Zur besseren Orientierung lässt sich Art. 13 in drei Kontrollstufen gliedern:

  • „Schwarze Liste“ (Art. 13 Abs. 4): Klauseln, die unter allen Umständen missbräuchlich sind, z. B. Ausschluss der Haftung für grobe Fahrlässigkeit.
  • „Graue Liste“ (Art. 13 Abs. 5): Klauseln, bei denen eine widerlegbare Vermutung der Missbräuchlichkeit besteht, z. B. Einschränkung von Zugangsrechten.
  • Generalklausel (Art. 13 Abs. 3): Klauseln, die „grob von guter Geschäftspraxis abweichen“ oder „gegen Treu und Glauben verstoßen“.

Die Auslegung dieser Generalklausel bleibt allerdings unklar – insbesondere im Lichte der abweichenden Sprachfassungen (DE: „oder“ vs. EN: „and“).

3. Was gilt als „einseitig auferlegt“?

Ein zentraler Aspekt der Missbrauchskontrolle ist das Konzept der einseitigen Auferlegung, das dem deutschen und österreichischen Zivilrecht bislang fremd ist (Art. 13 Abs. 6).
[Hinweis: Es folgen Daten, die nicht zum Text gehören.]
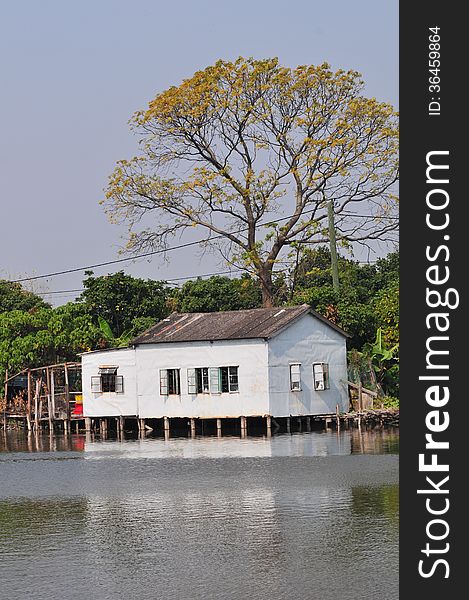 floating house in new territories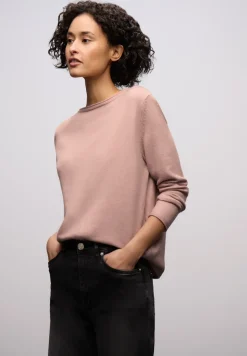 Pull avec ourlet roulé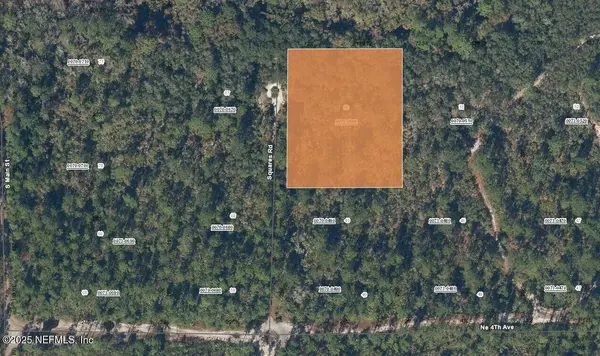 708 SQUARES RD, Palatka, FL 32177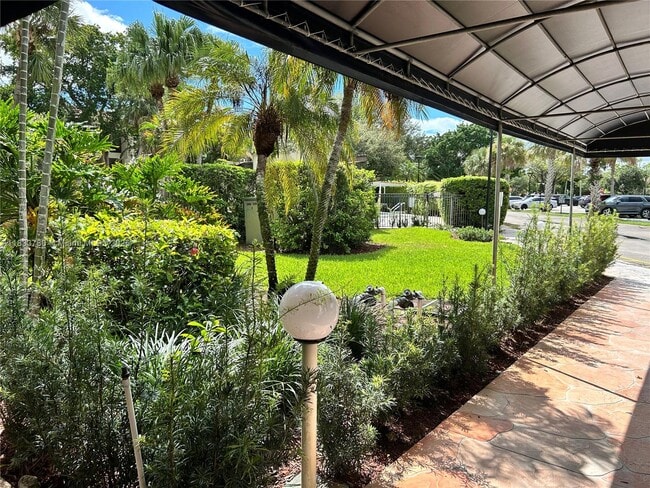 Foto del edificio - 200 Lakeview Dr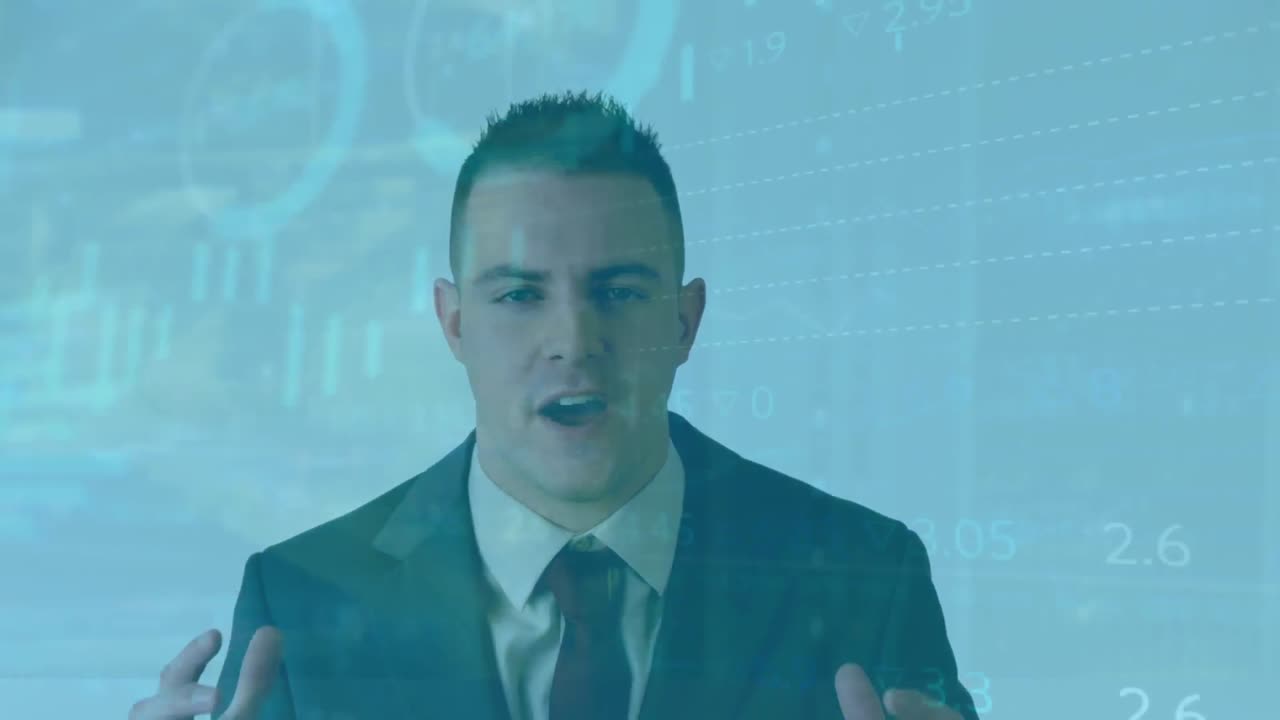 animación del procesamiento de datos sobre el hombre de negocios caucásico hablando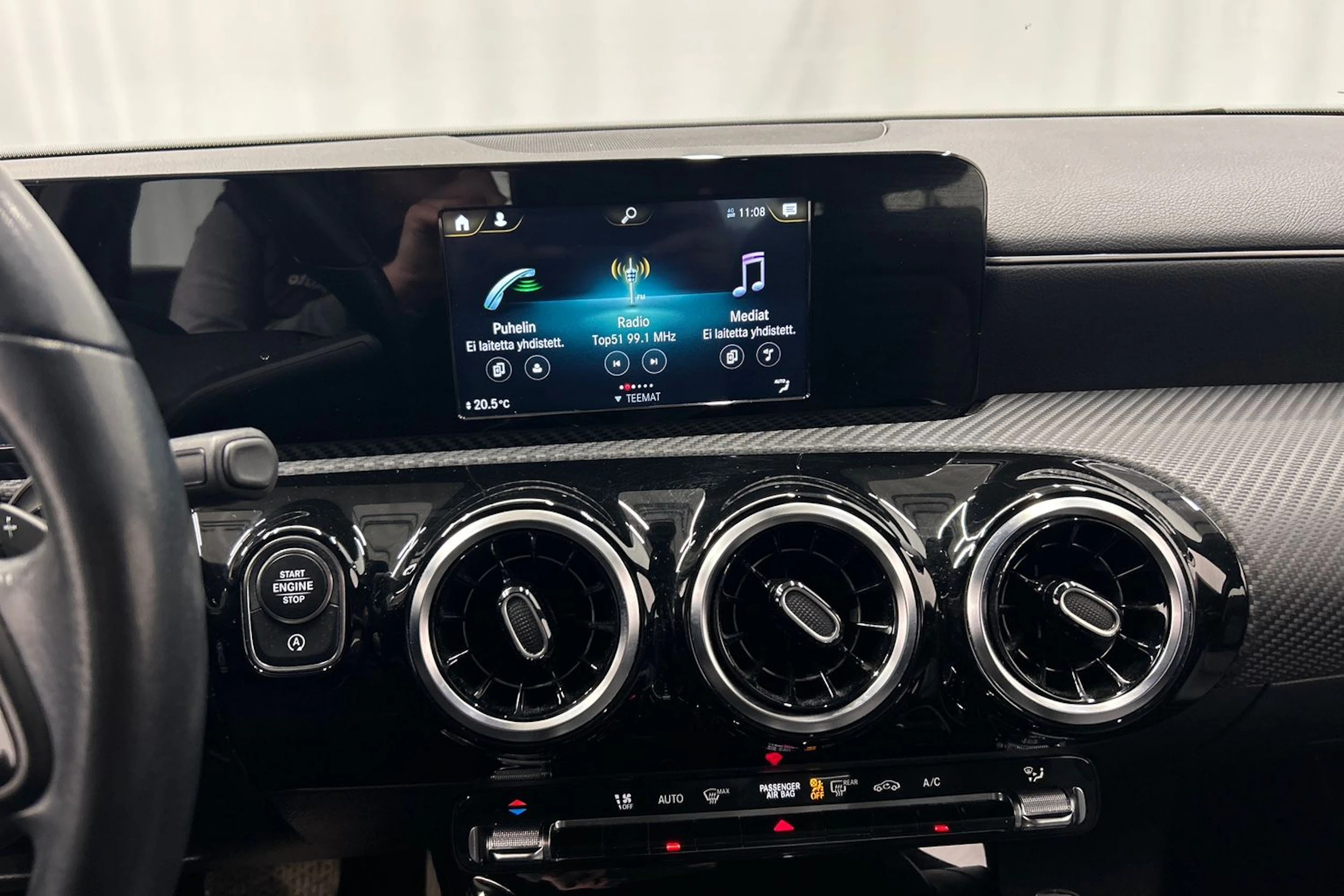 musta Mercedes-Benz A 2020 kuva 22.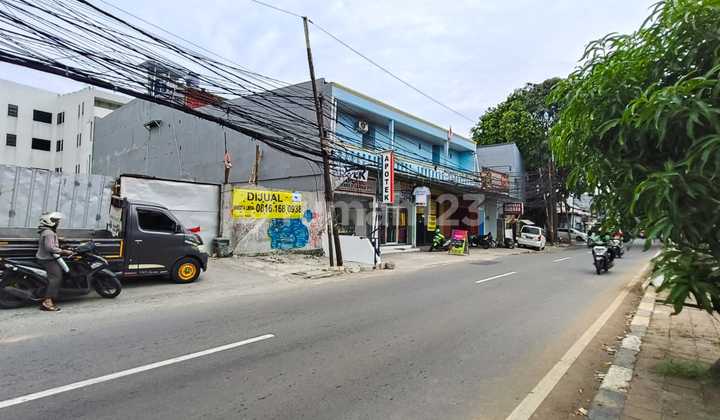Pinggir Jalan Raya Sunter Kemayoran Jalan 2 Arah Ramai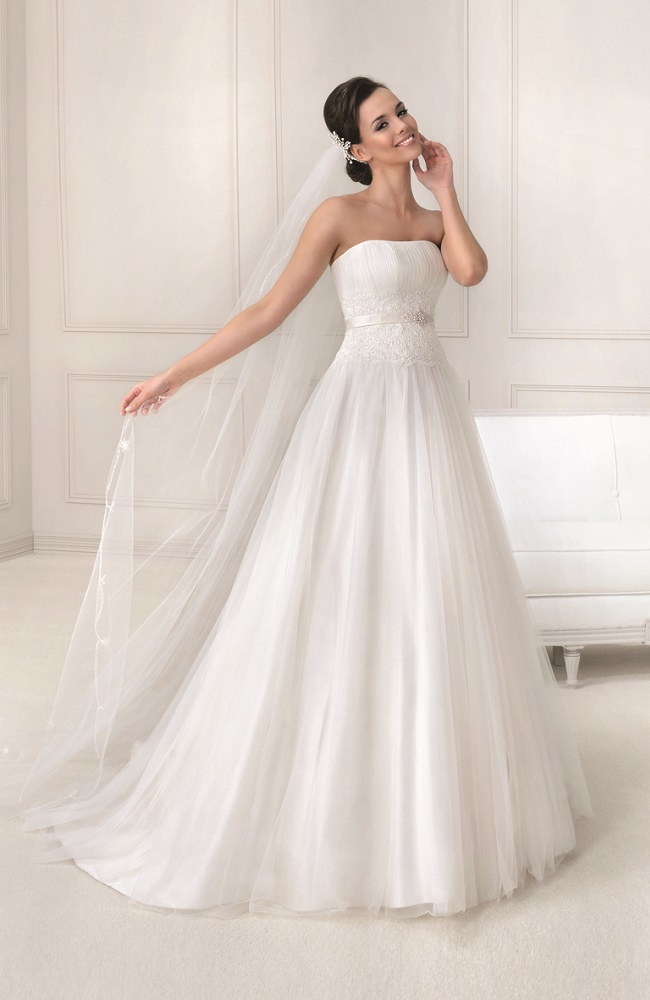 Die Box Boutique Brautkleidbox in Gr. M  ist geeignet zur Aufbewahrung von Brautkleidern mit bis zu drei Unterrocklagen und Schleppe.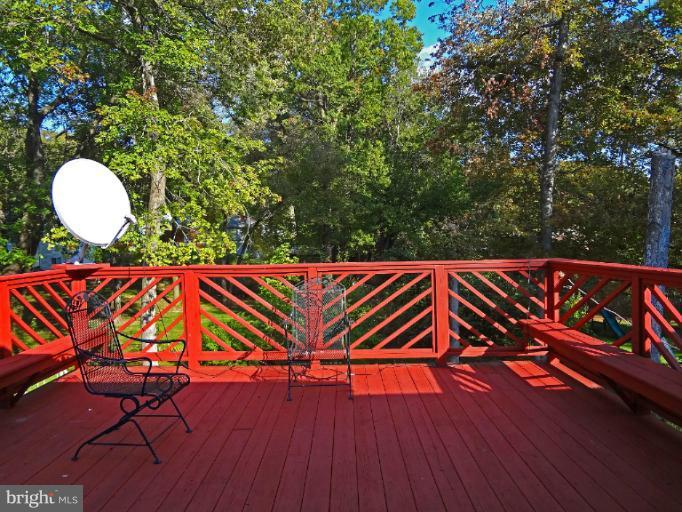 4205 Collier Road Fairfax, VA 22030 - Photo 13 of 17 Deck
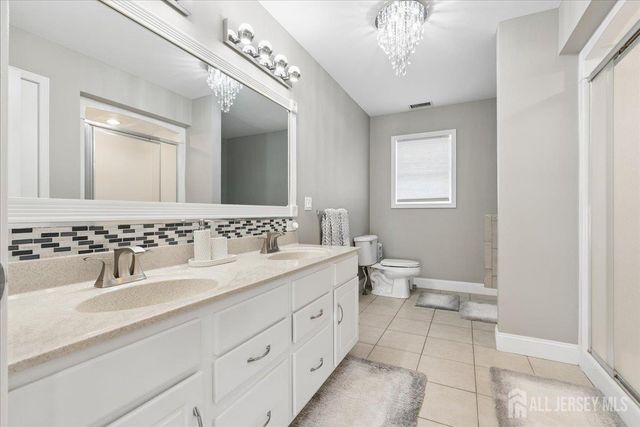 130 Clauss Street, Carteret, NJ 07008
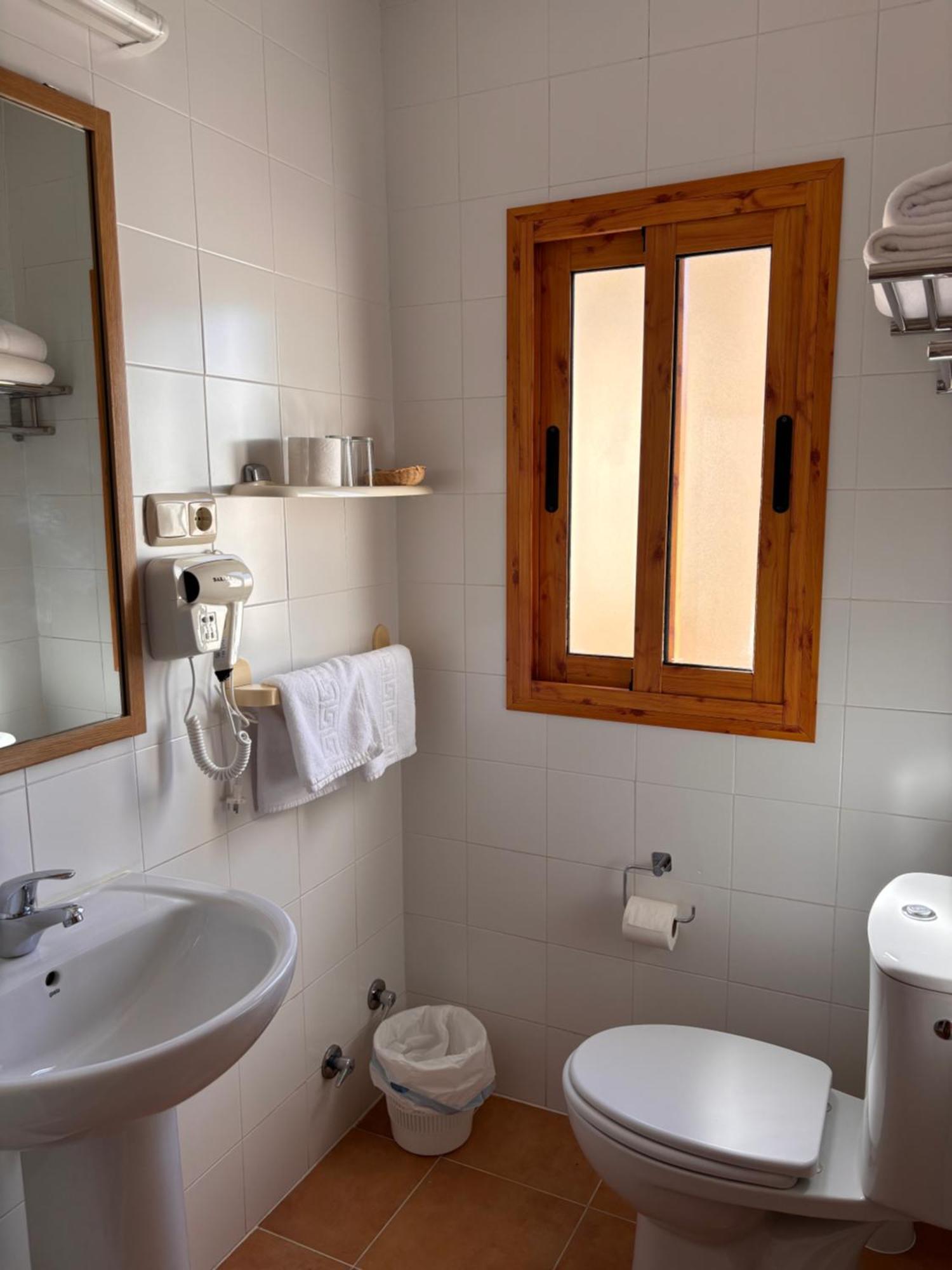 Cabo De Gata Hostal Las Dunas מראה חיצוני תמונה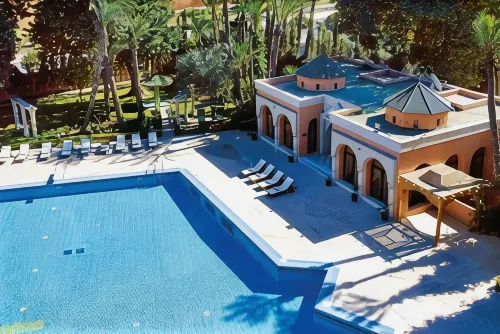 Royal Mirage Deluxe - Lãng mạn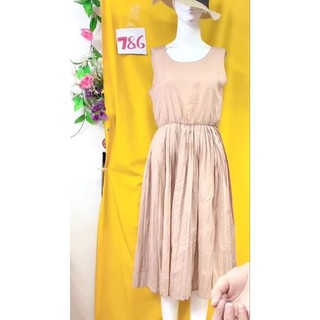 đầm xếp ly màu nude size M/M+. S786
Eine Klausel gilt dann als einseitig auferlegt, wenn:

  • sie von nur einer Vertragspartei eingebracht wurde, und
  • die andere Partei trotz Verhandlungsversuch keine Einflussmöglichkeit hatte.

Wer also nicht aktiv widerspricht, muss die Klausel gegen sich gelten lassen – auch bei elektronischen Vertragsabschlüssen. Die Verordnung belohnt daher die Partei, die zumindest den Versuch unternimmt, eine missbräuchliche Klausel anzufechten oder zu verhandeln. Dies erfordert allerdings eine sorgfältige Dokumentation der Vertragsverhandlungen – auch, um im Streitfall den Nachweis zu erbringen.

4. Datenqualität als Vertragsbestandteil

Ein weiterer wesentlicher Aspekt datenbezogener Verträge ist die Definition der Datenqualität. Fehlerhafte oder unvollständige Daten können erhebliche Haftungsrisiken auslösen – insbesondere dann, wenn sie etwa für KI-Training oder Entscheidungsfindungen genutzt werden. Der Vertrag sollte daher klar regeln:

  • Art und Umfang der Datenbereitstellung
  • Verwendungszwecke
  • Qualitätskriterien wie Vollständigkeit, Genauigkeit, Konsistenz und Aktualität

5. Vergütung oder Ausgleich?

Spannend ist auch die Diskussion um den Begriff der „Gegenleistung“: Nach Art. 9 Data Act besteht ein Anspruch des Dateninhabers auf einen „Ausgleich“, der sich aus dem reinen Ausgleich (Abs. 2) und einer möglichen Marge (Abs. 1) zusammensetzt. Der Begriff „Gegenleistung“ ist laut Etzkorn irreführend – zutreffender sei „compensation“ im Sinne eines Ausgleichs.

6. Modellverträge in Sicht

Abschließend verweist Art. 41 Data Act auf die Absicht der EU-Kommission, künftig Modellverträge zur Verfügung zu stellen. Diese könnten mittel- bis langfristig zur Standardisierung beitragen – Unternehmen sollten jedoch bereits jetzt proaktiv eigene vertragliche Regelungen auf Data-Act-Konformität überprüfen.

Fazit: Jetzt aktiv werden

Der Data Act verändert das Vertragsrecht im Bereich der Datenwirtschaft substanziell. Unternehmen sind gut beraten, ihre bestehenden Vertragsmuster frühzeitig zu überarbeiten – insbesondere im Hinblick auf Datenzugang, Vergütung, Haftung und Verhandlungsprozesse. Wer auf Augenhöhe verhandelt, dokumentiert und strukturiert vorgeht, schafft Rechtssicherheit und vermeidet spätere Konflikte.